Sonriendo, ella dijo que él era un hombre ocupado y que estaba bien incluso si Eileen no traía una respuesta, pero que Eileen debía entregarle su carta y decirle, con todo detalle, lo complacido y encantado que estaba Su Alteza de recibirla.

Eileen no pudo negarse a una petición que devolvió la sonrisa a su madre después de tanto tiempo. Sintiéndose impotente, prometió que lo haría.

“…”

Al entrar al palacio con la gruesa carta en la mano, Eileen se mordió el labio, nerviosa. Aunque acababa de solicitar la entrada después de tanto tiempo, Su Alteza se la había concedido sin problema. La tranquilizaba pensar que su afecto no había cambiado, y aun así la angustiaba.

La ropa que había comprado nueva para hoy juntando el poco dinero que tenía le quedaba incómoda. Quizás el almidón le había quedado demasiado duro al plancharla. Se había atado y desatado el pelo sin motivo alguno antes de decidirse finalmente a llevarlo suelto, y ahora las marcas de las cintas parecían permanecer, lo cual la incomodaba.

Del sudor de los nervios, sus gafas se le resbalaban por el puente de la nariz. Jugueteando con su flequillo, Eileen esperaba a Cesare en el jardín del príncipe.

No había damas de compañía ni pajes. Era una medida que había tomado para que ella pudiera pasar el rato cómodamente mirando plantas, pero ni una sola hoja entró en sus ojos.

Su corazón latía con fuerza cuando, de repente, empezó a llover.

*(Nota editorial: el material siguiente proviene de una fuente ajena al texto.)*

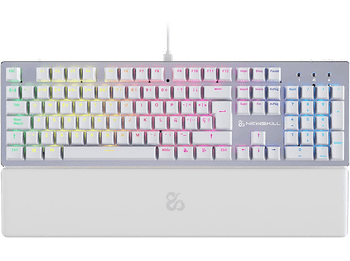 Teclado gaming - NEWSKILL Serike V2, Por Cable, Iluminación RGB, Con reposabrazos, Blanco
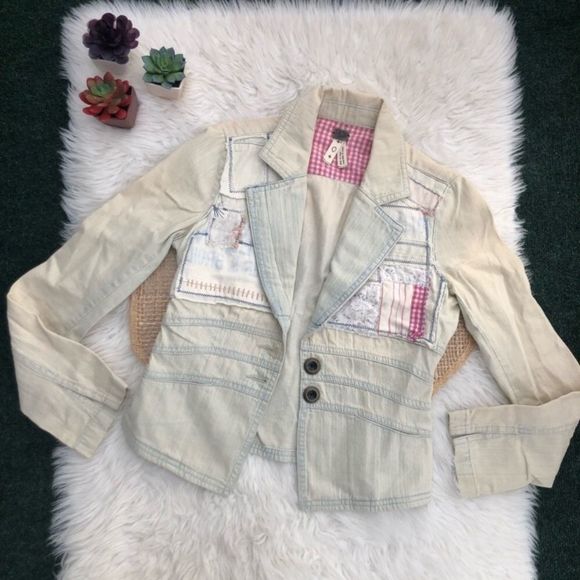 We the Free Distressed Patchwork Jacket - Picture 1 of 16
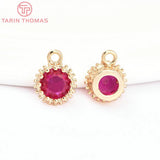 6PCS 7MM Zircon Round Charms Pendants DIY Jewelry Findings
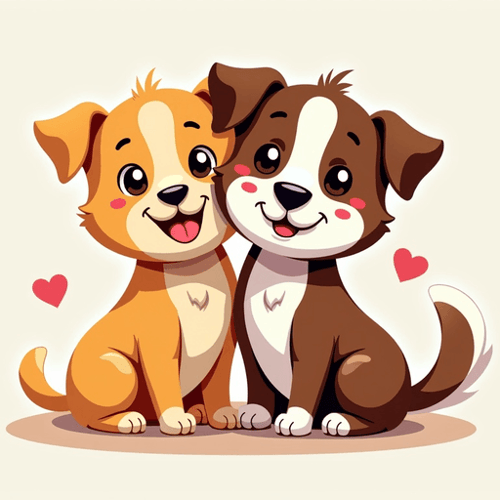 AI Design for cat and dog friends. 2d style logo.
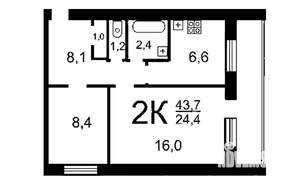 2-к квартира, на длительный срок, 45м2, 2/14 этаж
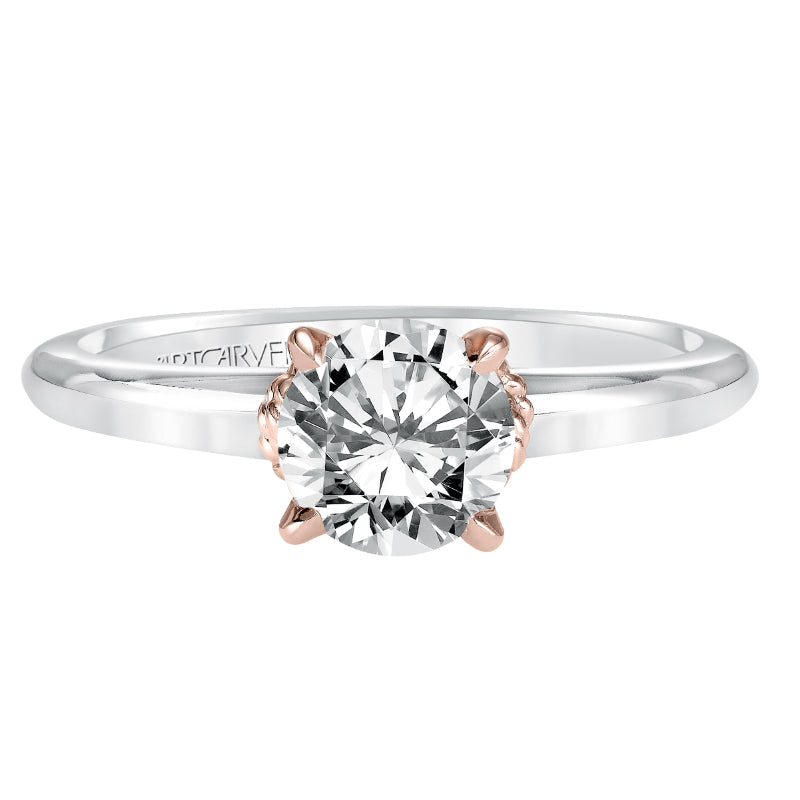 Artcarved Bridal Semi-Mounted with Side Stones Contemporary Rope Solitaire Engagement Ring Clarice 14K White Gold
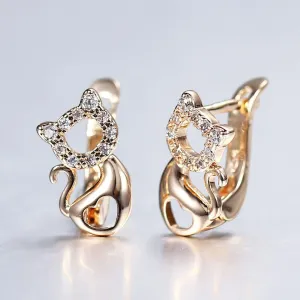 Dazzling Cat Love Earrings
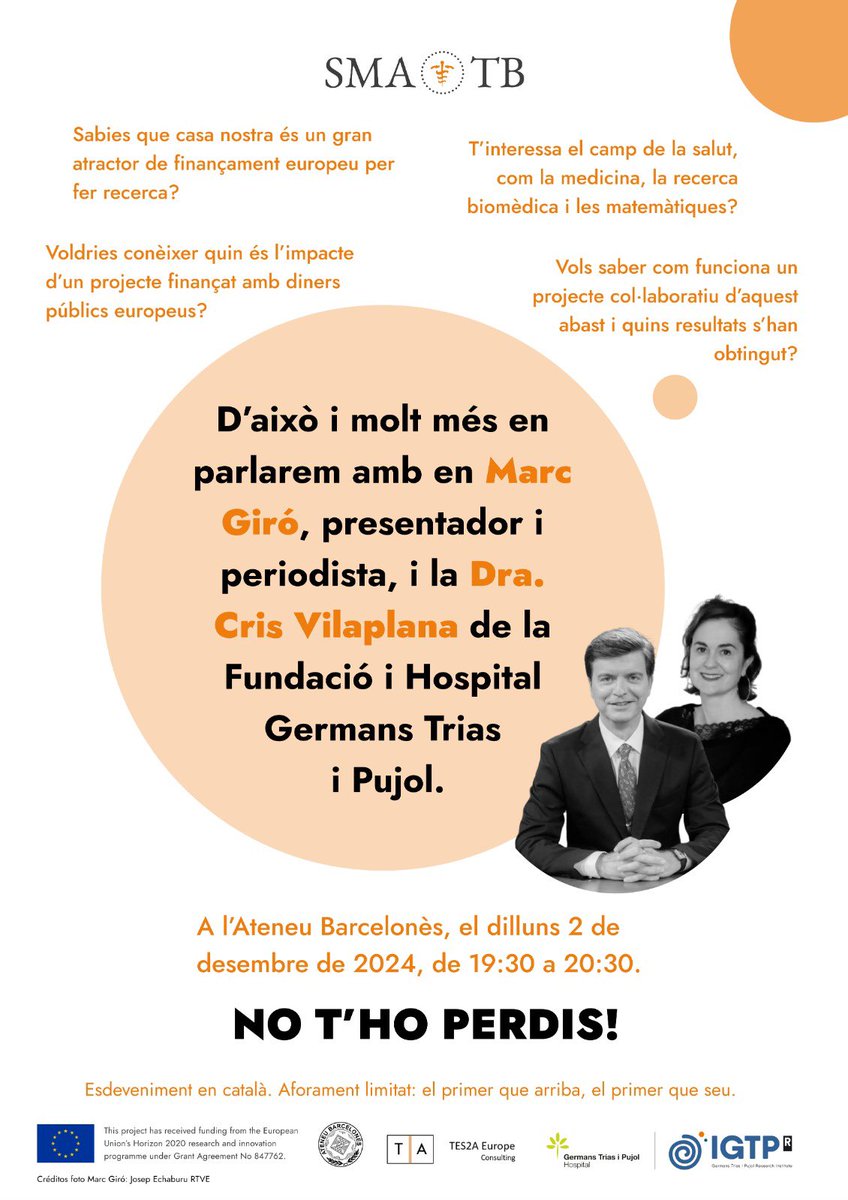 Experimental TB Unit (UTE) of the IGTP-HUGTIP (@tbexperimental) on Twitter photo Tens curiositat p saber quina recerca hem fet i quins resultats hem obtingut amb el finançament que ens va concedir la <a href="/EU_Commission/">European Commission</a>?T’has preguntat mai com es fa recerca col·laborativa d’alt nivell a casa nostra?En parlarem dilluns vinent a l’@ateneubcn amb en Marc Giró. Veniu! Tens curiositat p saber quina recerca hem fet i quins resultats hem obtingut amb el finançament que ens va concedir la <a href="/EU_Commission/">European Commission</a>?T’has preguntat mai com es fa recerca col·laborativa d’alt nivell a casa nostra?En parlarem dilluns vinent a l’@ateneubcn amb en Marc Giró. Veniu!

Sobresaltada, Eileen corrió bajo el árbol más cercano.

La protegía de la lluvia, pero ya estaba empapada. Al comprobar que la carta de que llevaba en el corpiño no se había mojado, Eileen sintió que se le saltaban las lágrimas.

‘Me preparé tan duro…’

Durante días había permanecido despierta por las noches, anhelando este encuentro con el príncipe, solo para encontrarlo en un estado tan lamentable…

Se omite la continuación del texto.